Ok I didnt think of sharing this till I built it so the photos are with things in place but you can see what went where.

Things you need.

25mm BSP to 15mm BSP reducer. So the 25mm is male and 15mm is female
a washer to fit the 25mm male on the reducer.
15mm threaded pipe
15mm female to male 90 deg elbow
15mm compression nut and olive

If its like mine the tap hole has like a plastic block off with holes in it so when it drains it keeps the ice in there. I simply got a thin sharp knife and cut it out (rough) so it had enough room for the 15mm threaded rod to go threw centred. Be careful not to damage the plastic thread.

Now with mine I have a recess inside the esky and the elbow nut fits in there so its best to do a dry run.

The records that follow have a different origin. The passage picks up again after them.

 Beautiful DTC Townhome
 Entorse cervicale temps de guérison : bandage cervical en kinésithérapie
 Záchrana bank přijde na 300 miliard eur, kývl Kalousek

Put the washer on the reducer and screw the reducer into the tap (you will notice I didnt use the washer and when doing up it cut into the plastic).

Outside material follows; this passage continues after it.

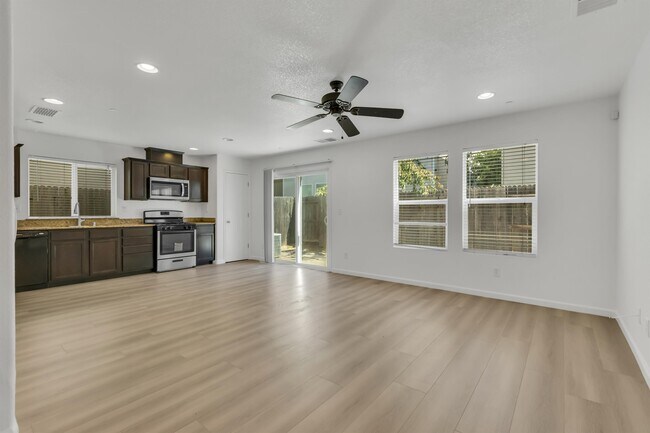 Building Photo - 8922 Great Rock Cir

Now screw the 15mm threaded rod into reducer ( I got the reducer from bunnings but the thread wasn't clean so it got stuck and I stuffed the tread on the pipe and the shifter slipped and the thread on the reducer also suffered. So went to reece and got another pipe and reducer. So check in the shop that the threaded rod screws right threw the reducer). If you got a recess then put your finger in there and thread it till the threaded rod is a about 5mm out of the plastic block off you cut off or if you need to come out further push the elbow in till it looks about right pushed up to the thread.

With mine the drain plug is low so you cannot spin the elbow on. This is where it gets tricky. Its best if you have 2 shifters. I had one and multigrips lol, So with the elbow where you want it you have to put a shifter on the reducer (prob not needed the dry run) so when you do the threaded rod up it doesnt screw it in further (why mine dug into the plastic). You will also need to put the compression nut on the outside of the threaded rod so you can screw it up without destroying the thread. Now if you put the elbow on you can start it with half a turn be for it will hit the bottom.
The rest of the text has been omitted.